• _Exercise details_
Copy, word for word, the lines below from the one containing "Jasper, centre, with" up to and including the one containing "JCB Telehandler 532", with pictures left out.

• _Information supplied_
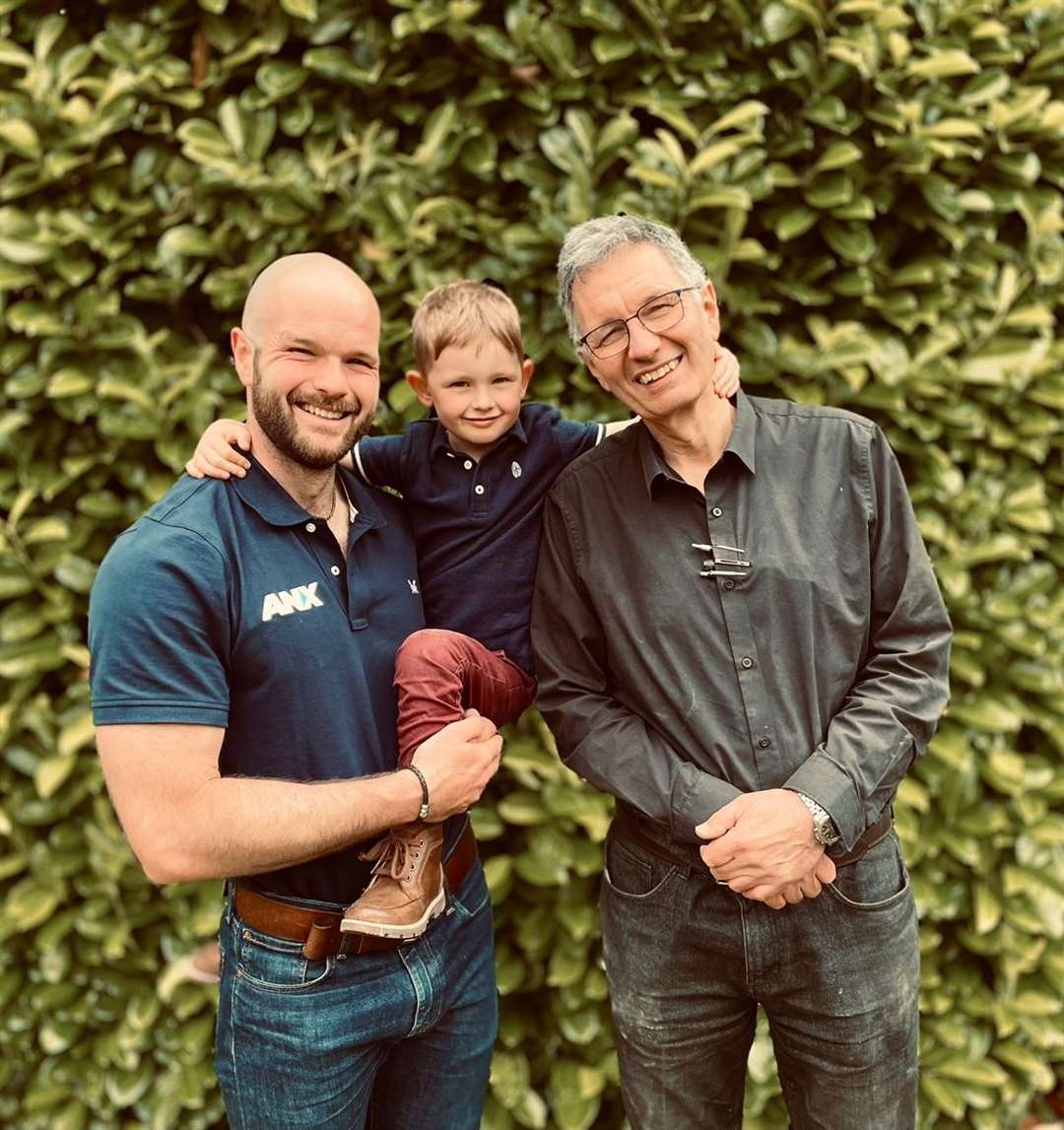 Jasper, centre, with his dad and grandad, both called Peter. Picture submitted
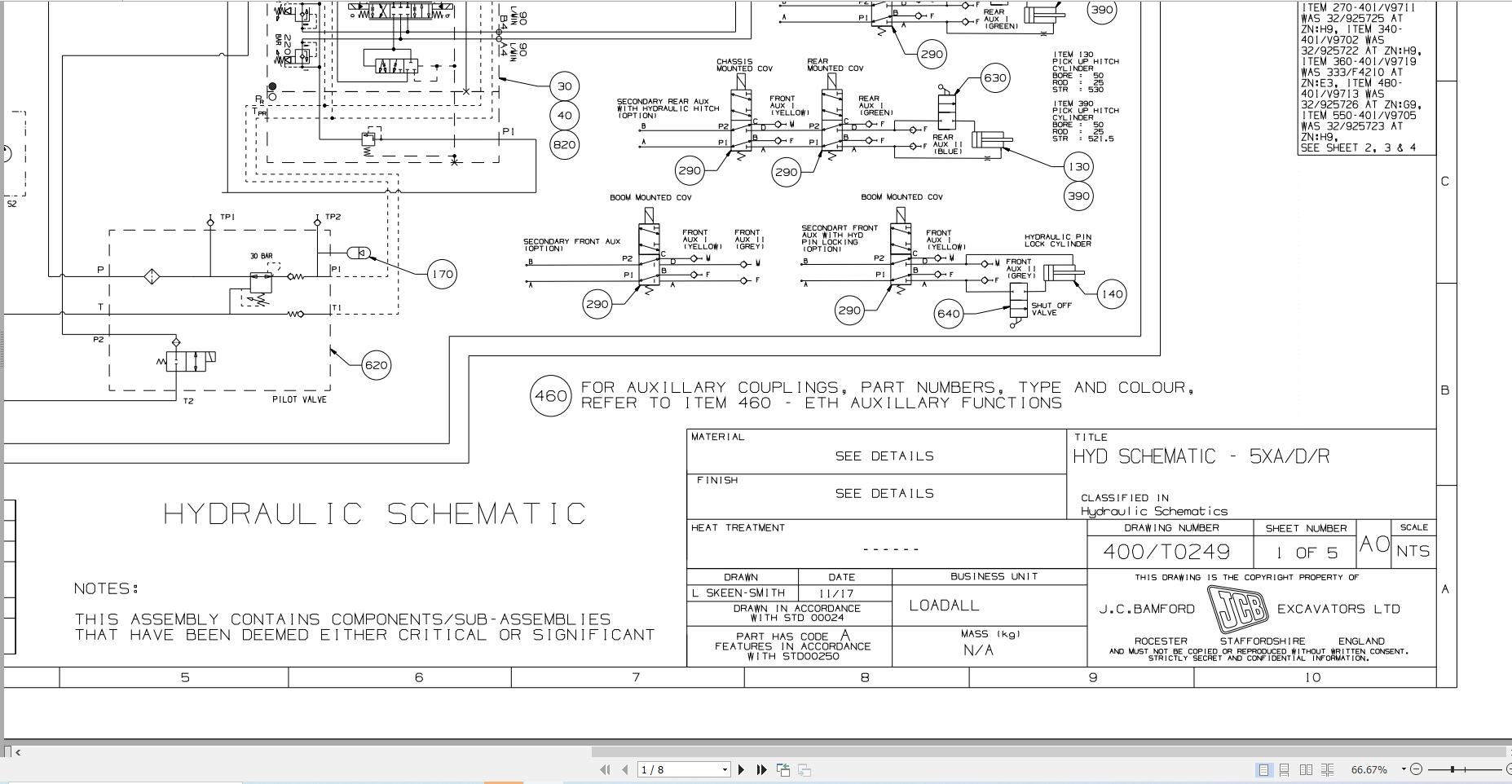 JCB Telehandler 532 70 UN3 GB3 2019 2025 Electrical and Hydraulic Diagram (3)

--

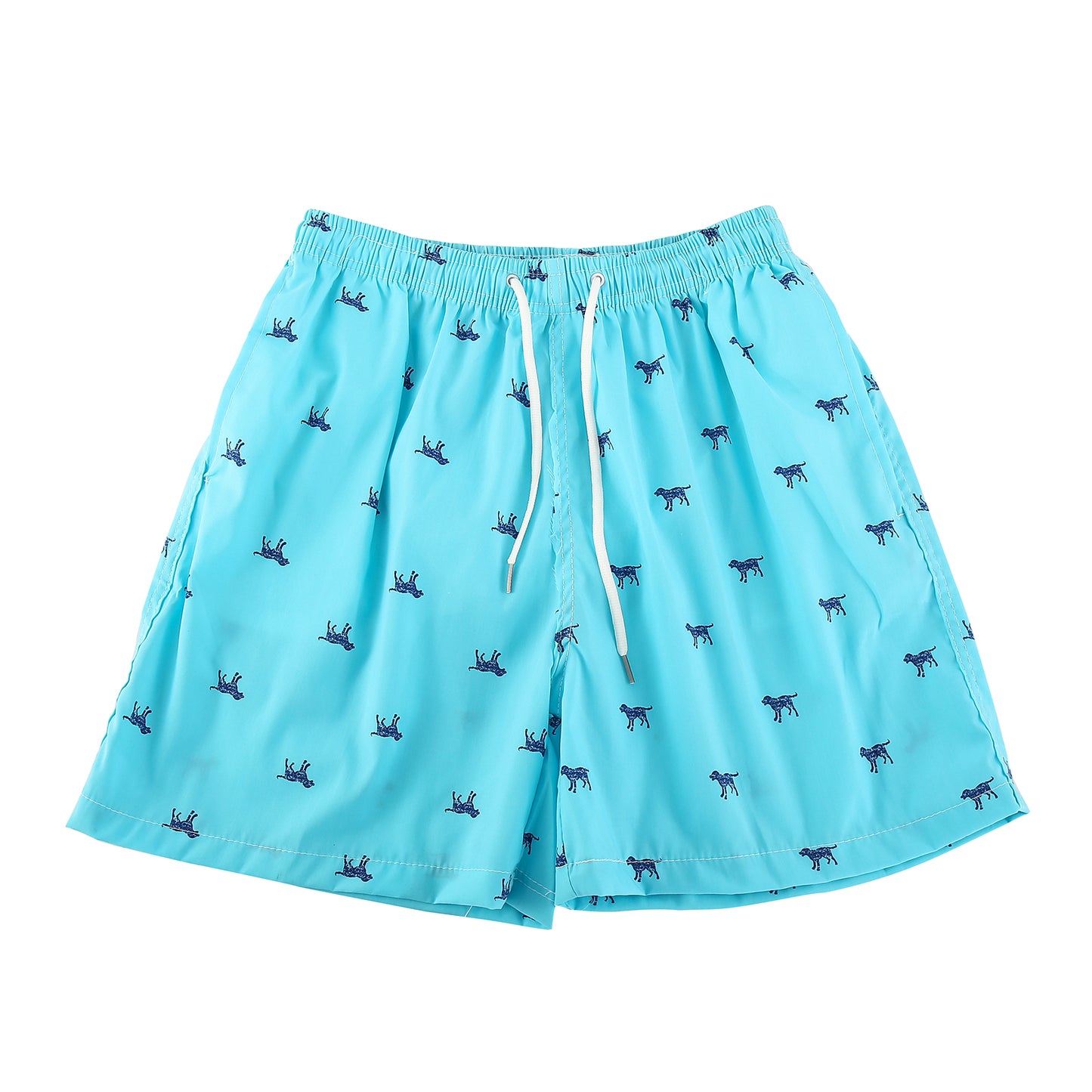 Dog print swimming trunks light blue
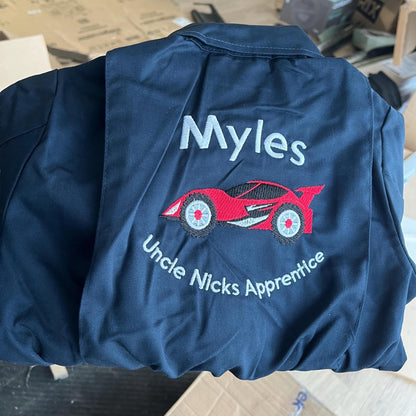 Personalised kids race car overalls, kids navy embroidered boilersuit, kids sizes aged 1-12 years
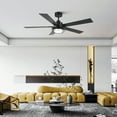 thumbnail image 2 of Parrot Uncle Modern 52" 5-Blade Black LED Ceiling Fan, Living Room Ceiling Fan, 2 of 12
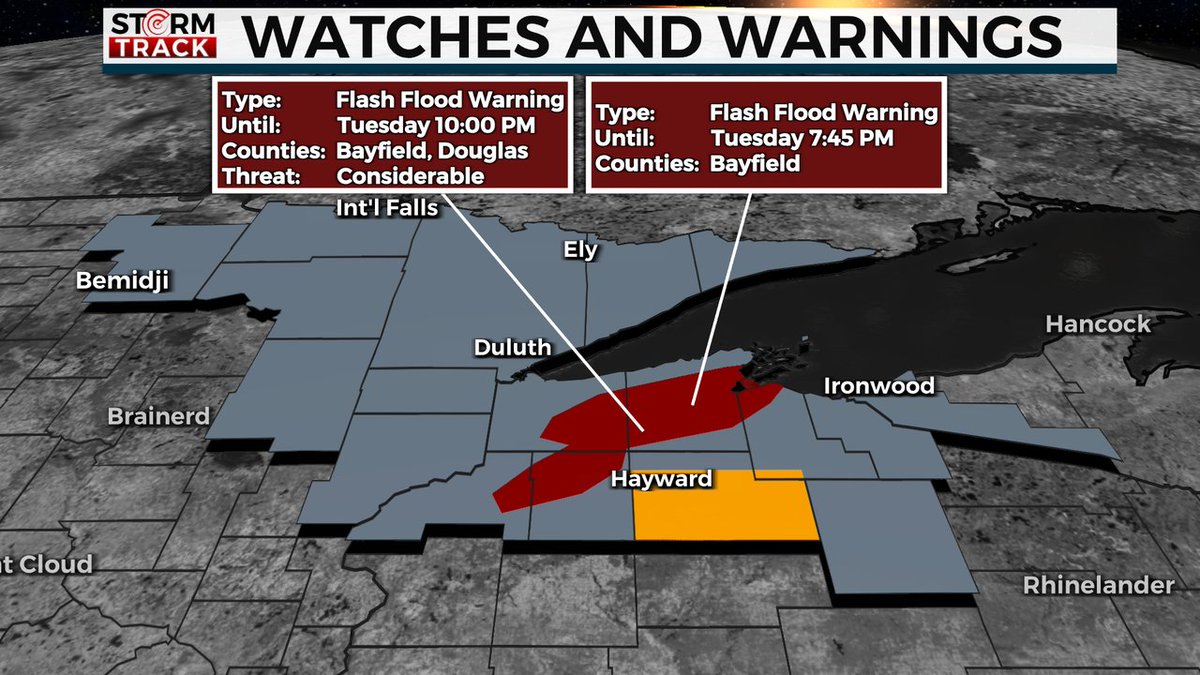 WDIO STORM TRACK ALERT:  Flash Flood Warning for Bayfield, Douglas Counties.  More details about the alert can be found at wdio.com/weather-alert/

• _Task result_
 Jasper, centre, with his dad and grandad, both called Peter. Picture submitted
 JCB Telehandler 532 70 UN3 GB3 2019 2025 Electrical and Hydraulic Diagram (3)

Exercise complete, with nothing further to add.